Before quickly going back to waving Intel’s 18-core tech-phallus around again for all those ‘mega-taskers’ in the audience… sorry, I promise this is the last time you’ll have to read ‘mega-taskers’ on this page. Feckin’ silly silicon marketing.

But it’s that overclocking potential which will govern just how relevant the newest Intel range is for gamers. For the same price as the Core i7 7700K you’ll soon be able to pick up the almost-identical 7740X and, while it’s only 100MHz quicker at stock speeds, the noises Intel have been making about the chip’s overclocking chops make it sound like the Core i7 X could be far more than that.

Given the middling overclocking performance of the 7700K though should we believe what Intel are saying? We know the bigger chips don’t really overclock that well, with 4.3GHz sounding like it’s around the top-end of what you’ll be getting out of the 10-core 7900X, and Asus have also confirmed Intel are using the same ropey thermal interface material (TIM) on the new line as they have for the lower-end Kaby Lake-powered CPUs.

But overclockers have also been breaking records with the 7740X; both Asus and Gigabyte have beenclaiming speeds in excess of 7.5GHz. Now that may be as a result of fancy (and potentially lethal) liquid helium cooling, but it shows there’s headroom in that there silicon.

The X299 motherboards will play their part too. They will be more expensive than the Z270 boards, but they will generally have more power phases and be more capable of coping with the rigours of overclocking.

And, because the actual chip package itself is the same size as even the 18-core behemoth, this simple quad-core, 8-thread design will have a lot of room to breath under that expanded heatspreader which could help in the overclocking stakes. Though it does make me wonder why they chose not to clock the 7740X any higher if it does indeed have ‘ultimate overclocking performance.’

Intel Core X-series CPU

There is a Core i5 in the X-series lineup too, which six months ago could have been a genuine gaming contender. But with its resolutely quad-core design, and no HyperThreading, it feels like a bit of an anachronism in these days when you can get a 12-threaded Ryzen 5 for the same money.

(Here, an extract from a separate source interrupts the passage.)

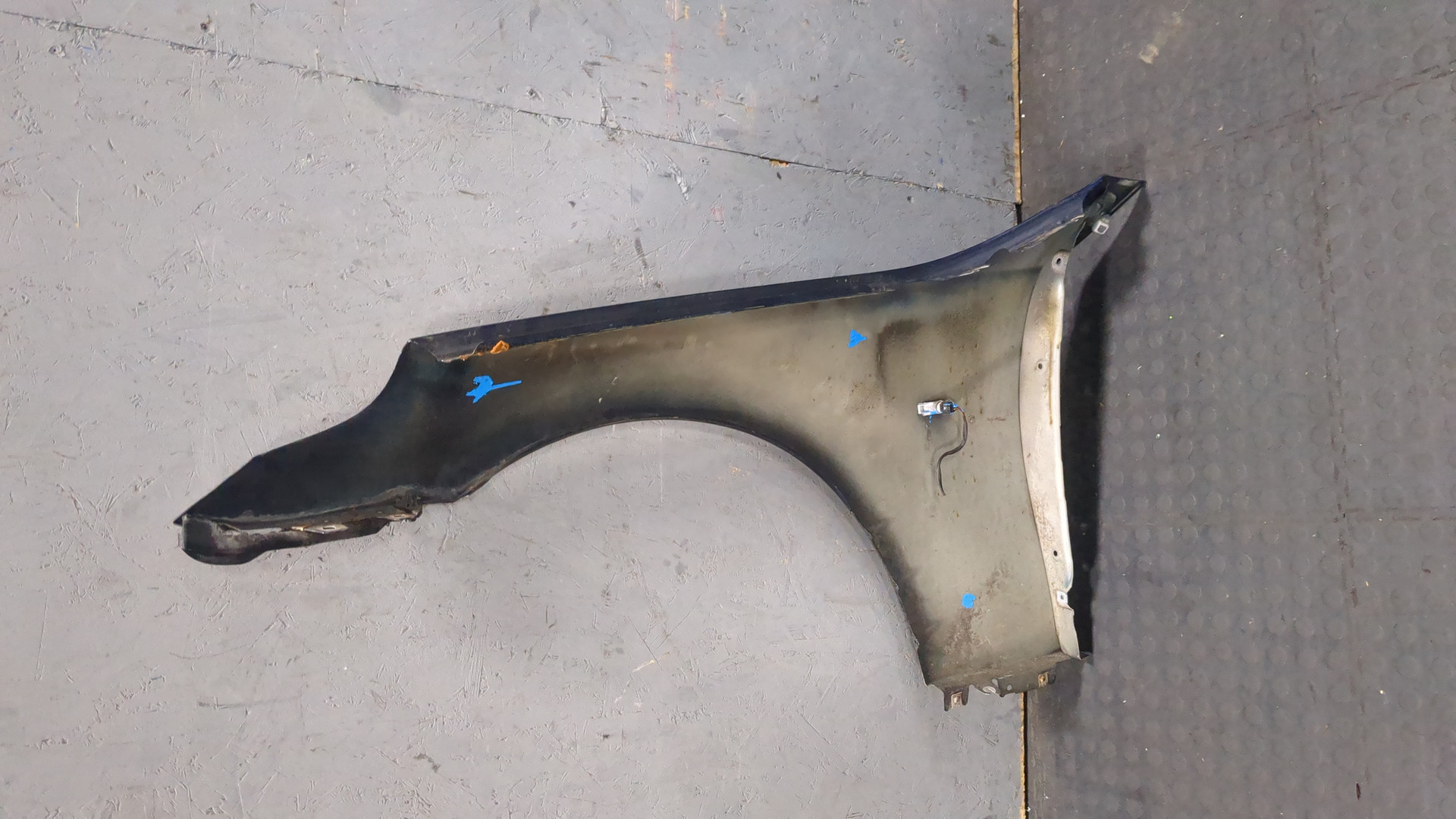 Крыло переднее правое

Elsewhere, the $390 Core i9 7800X is probably the only i9 worth a mention for the enthusiast gamer, with its six cores and 12 threads. It’s also the cheapest of the Core X-series to come with quad-channel memory and more than 16 PCIe lanes to make good with the multi-GPU fun.

We shouldn’t have long to wait to find out the truth of it all though as we should find out about the Core X-series CPU performance numbers next week. Unfortunately, as we’re a European-based site, in a slice of the world recently out of favour with the chip giant, Intel are dragging their heels on getting us samples. But some favoured US sites have had the X-series processors for a while already and so should be able to post benchmarks as the pre-orders go live next week.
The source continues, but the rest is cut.